Exercise requirements: The output should contain the listing word for word and no pictures.

Data block:
Segment Open
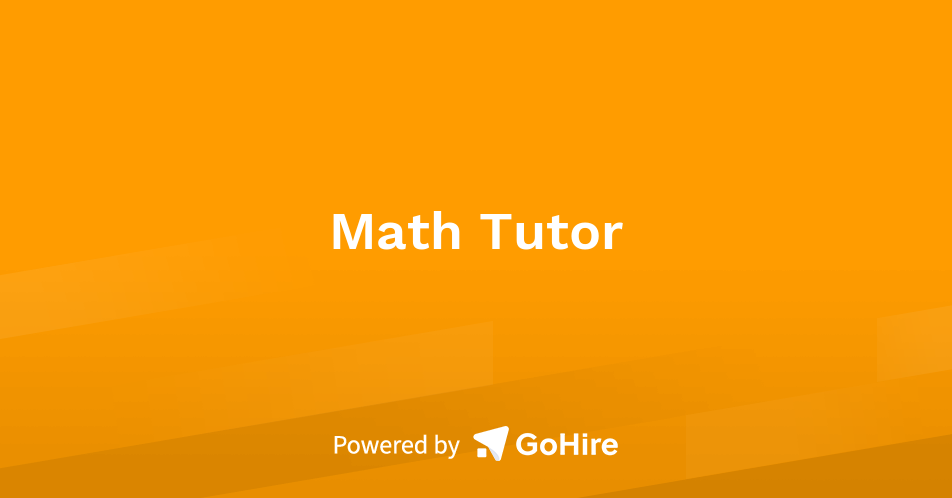 Math Tutor at Cudy Pte. Ltd. | Jobs at Cudy Pte. Ltd.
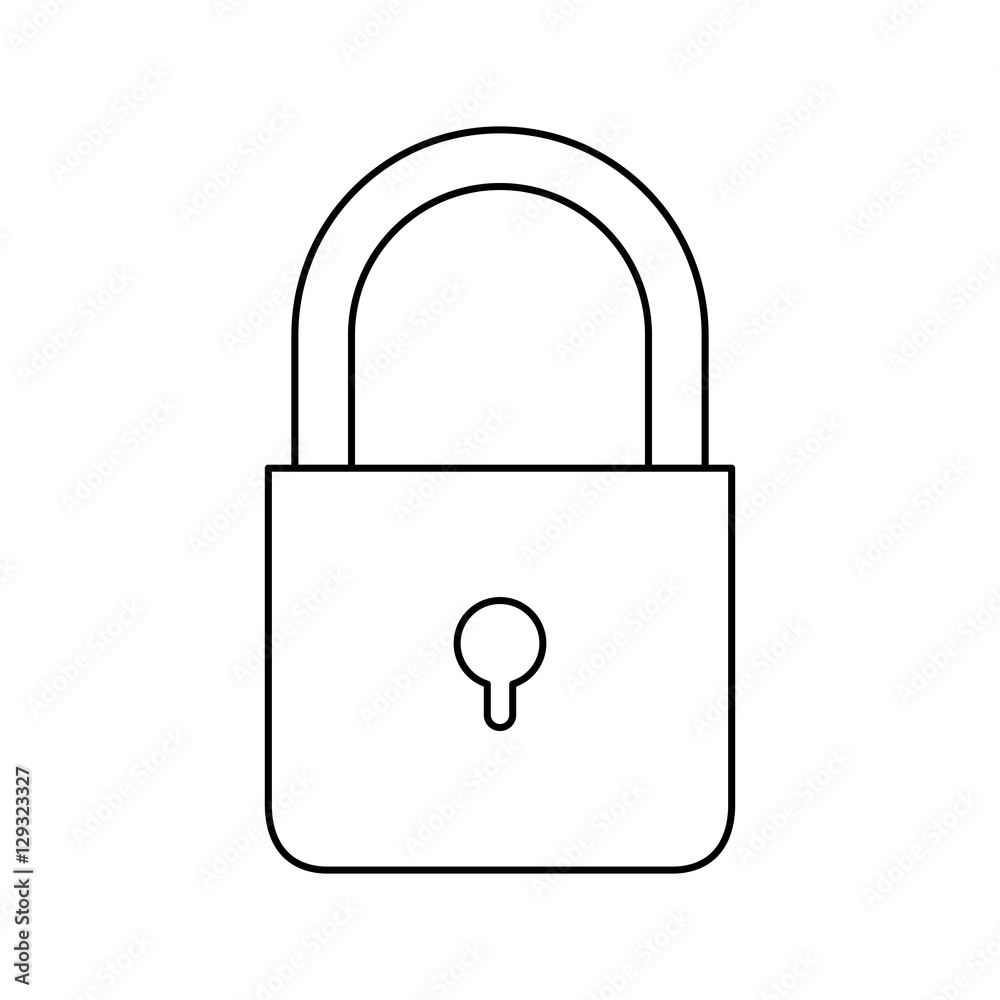 Padlock icon. Security system warning protection and danger theme. Isolated design. Vector illustration Padlock icon. Security system warning protection and danger theme. Isolated design. Vector illustration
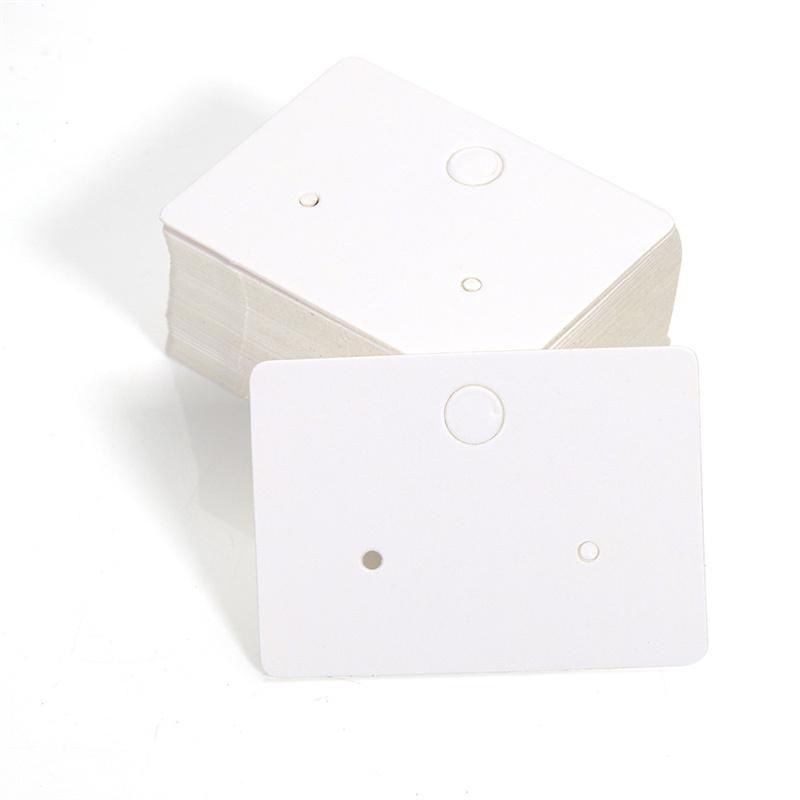 100 Stück grenzüberschreitender 4,5 * 3,2 cm Verpackungskarton DIY Ohrschmuckkarte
Segment Closed
Worked solution:
 Math Tutor at Cudy Pte. Ltd. | Jobs at Cudy Pte. Ltd.
 Padlock icon. Security system warning protection and danger theme. Isolated design. Vector illustration Padlock icon. Security system warning protection and danger theme. Isolated design. Vector illustration
 100 Stück grenzüberschreitender 4,5 * 3,2 cm Verpackungskarton DIY Ohrschmuckkarte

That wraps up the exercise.